I prefer a slightly over-sized tarp, such as my MLD Grace Duo. It affords me the space to sit under during rainy conditions, and cook (non high density bear country)under and be far enough away from my bedding. As for a free-standing tent(with trekking poles)it would probably be the TT Rainbow, or a BA Copper Spur-1 UL. Like another poster already mentioned, its nice being able to set up a tarp in the rain, while keeping the rest of you gear dry.

Dean F.
(acrosome) - MLife

Locale: Back in the Front Range
"Perfect Shelter" on 08/09/2011 00:36:35 MDT Print View

I'll interpret "perfect shelter" to mean "if you could only have one shelter what would it be?", because otherwise the "perfect shelter" changes with conditions.

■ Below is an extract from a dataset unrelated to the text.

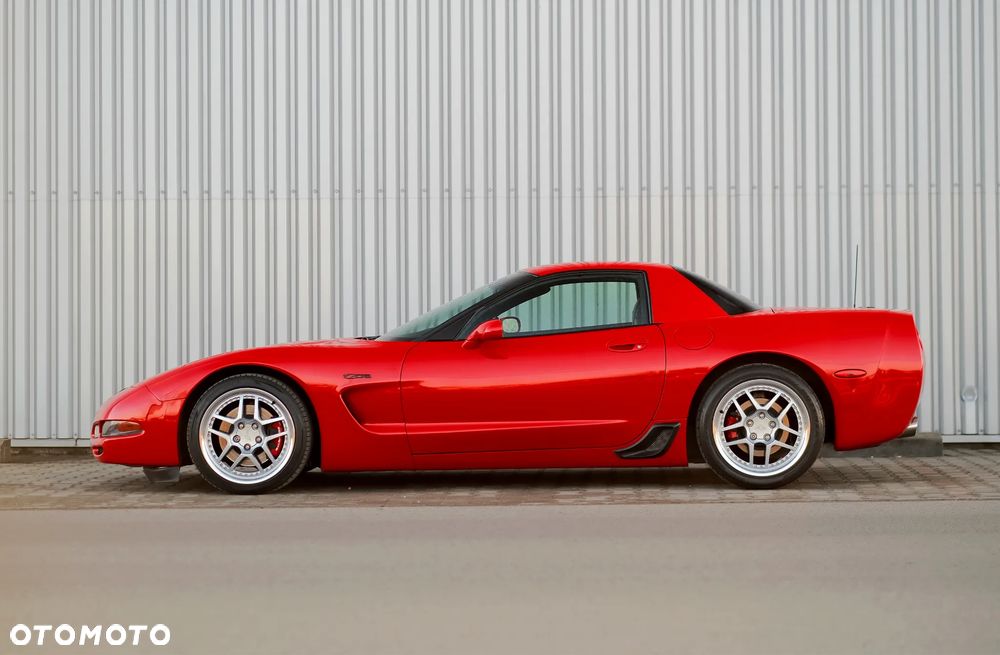 Chevrolet Corvette - 2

In which case, I'd just say that if I could only have one shelter it would be some sort of pyramid shelter with an optional inner bugnet. I currently own an MLD Supermid, and I'm probably going to get a smaller 1P or 2P 'mid, too. A Duomid with inner bugnet weighs exactly as much as a TT Moment, is a true double-wall, and has more room. Granted I'm assuming that one uses trek poles as the tent pole, and granted the Moment can be erected lightning-fast compared to a pyramid. But few would argue against the general utility of a pyramid tent- they are quite flexible, and weather worthy.

Richard Cullip
(RichardCullip) - M

Locale: San Diego County
Gossamer Gear - the One on 08/09/2011 07:46:52 MDT Print View

I've been happy with my Gossamer Gear - the One. I like the side entrance geometry rather than entering from the end of an A-frame geometry. It's light weight (~17 oz) and gives me full bug coverage. I haven't been rained on yet in this tent so I can't comment on it's ability to shed water and keep me dry.

Hk Newman
(hknewman) - MLife

Locale: Western US
TT Moment on 08/11/2011 00:18:25 MDT Print View

The Moment sets up very quickly. Really enjoying it.

Andy F
(AndyF) - F

Locale: Ohio
Moment on 08/11/2011 07:57:29 MDT Print View

The Moment is my favorite also. It's fast, simple, roomy for the weight, and is usable in winter just by adding two additional guylines connected to sticks or trekking poles.

Dave -
(FamilyGuy) - F

Locale: Up there
Re: Moment on 08/11/2011 08:29:13 MDT Print View

I sold a Moment for the DuoMid. Like going from a condo to a mansion.

Eric Blumensaadt
(Danepacker) - MLife

Locale: Mojave Desert
Moment here too on 08/11/2011 12:03:44 MDT Print View

I've modded my Moment in several small ways, most notably to take the crossing pole inside, for more canopy support. Also recently I acquired a liner 2nd hand for the fantastic price of $10.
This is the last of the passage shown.